DFG Research Group Military Cultures of Violence - Illegitimate Military Violence from the Early Modern Period to World War II

Research Group Military Cultures of Violence at the University Potsdam 
Speaker: Prof. Sönke Neitzel
The research group involves nine scholars from the universities of Potsdam, Göttingen and Bochum, as well as from Freie Universität Berlin, Humboldt-Universität zu Berlin and the the Leibniz Centre for Contemporary History (ZZF) in Potsdam. The cooperation partner is the the Centre for Military History and Social Sciences of the Bundeswehr (ZMSBw).
Project manager at the ZZF: Prof. Jan C. Behrends
PhD projects at the ZZF: Evgen Zinger und Jonas Baake

The DFG Research Group ‘Military Cultures of Violence’ aims to fill an important gap in both scholarship on military history and research on violence: the introduction of the concept of ‘military cultures of violence’ is designed to allow for the systematic description and explanation of sometimes very divergent acts of violence on the part of regular European armed forces that were viewed in contemporary assessments as illegitimate.
‘Military cultures of violence’ are defined as the violent practices proceeding from members of a collective military agent of violence belonging to a state or a state-like entity, and the associated interpretative ascriptions and discourses.
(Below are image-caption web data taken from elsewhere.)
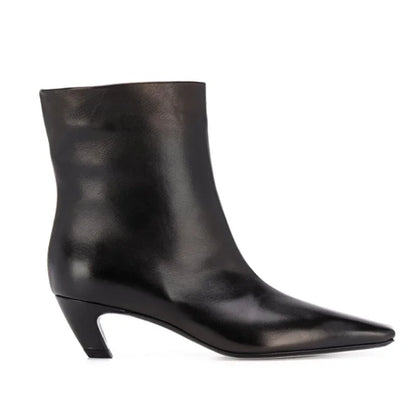 Embroidered Square Toe Cat Heel Western Cowboy Boots Woman Winter 2025 Slip-On Shaped Heel Slim Boots Fashion Shoes for Women
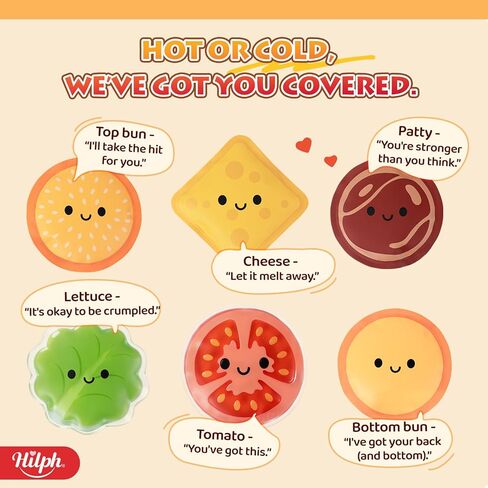 Hilph Kids Ice Packs - Cute Hamburger Boo Boo Ice Pack for Toddlers & Children, 6-Piece Ruesable Hot Cold Gel Therapy Compress Set for Injury, Body Pain Relief, Bumps, Headaches, Tootheche in Saudi Arabia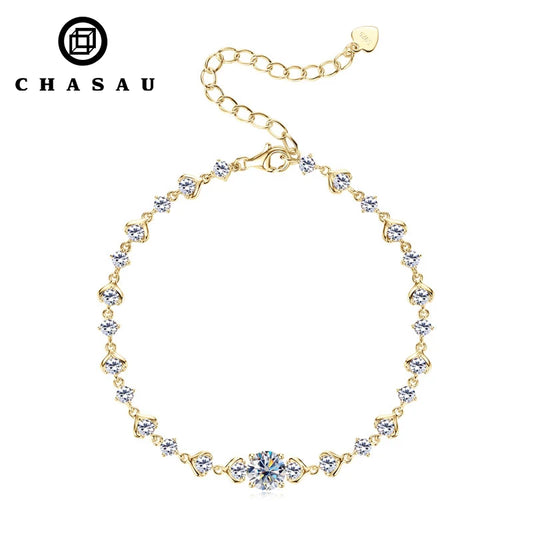 Women's Fashion 925 Silver 1.0ct 6.5mm & 2.8mm D Color VVS1 Round Moissanite Pod Design Bracelet with Certificate Ladies Jewelry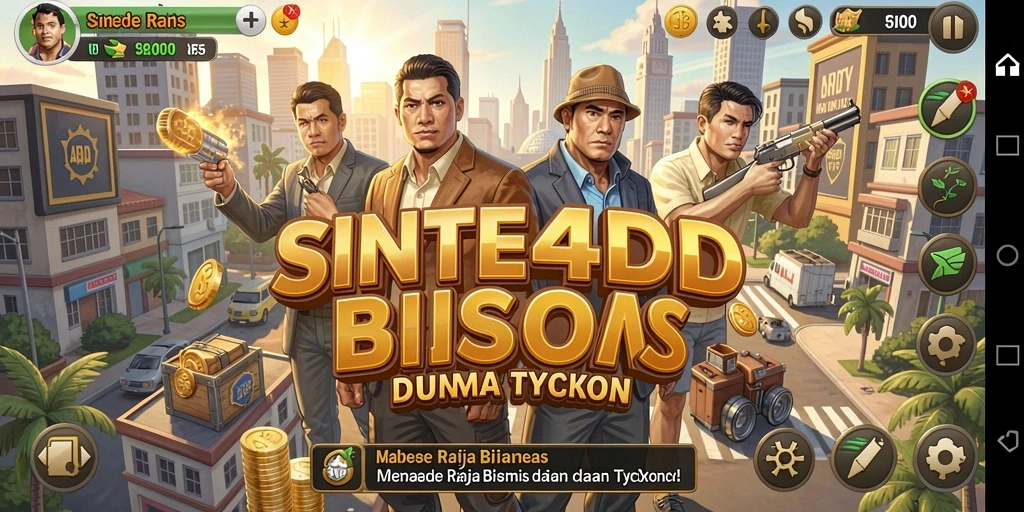 Tampilan gameplay SINTE4D yang menampilkan pembangunan bisnis.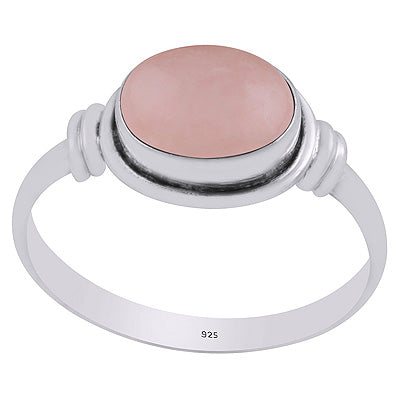 Beautiful Wire Work Around Rose Quartz Oval Shape 925 Sterling Solid Silver Ring - R3403319-13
The research group investigates in which ways and to what extent specific military cultures of violence developed in the regular armies of the European great powers from the early modern period to the end of the Second World War.

 1. Funding phase: six Sub-Projects, 2. Funding phase: five Sub-Projects

Projekte

Jonas Baake

The emergence of the Polish army: national self-assertion and military force (1914-1926)

PhD project
This project focuses on the emergence and development of the Polish army from the beginning of the First World War to the May Putsch in 1926. The study concentrates on the culture of military violence that the Polish army developed against the backdrop of the First World War, the collapse of the empires and the formation of the Polish state.

Evgen Zinger

Violent men between the First World War, the Revolution and the Second World War (1905-1945): Cossack military violence under different regimes

PhD Project
The project is dedicated to the study of illegitimate military violence by Cossack units in the period between the Russian Revolution of 1905 and the end of the Second World War.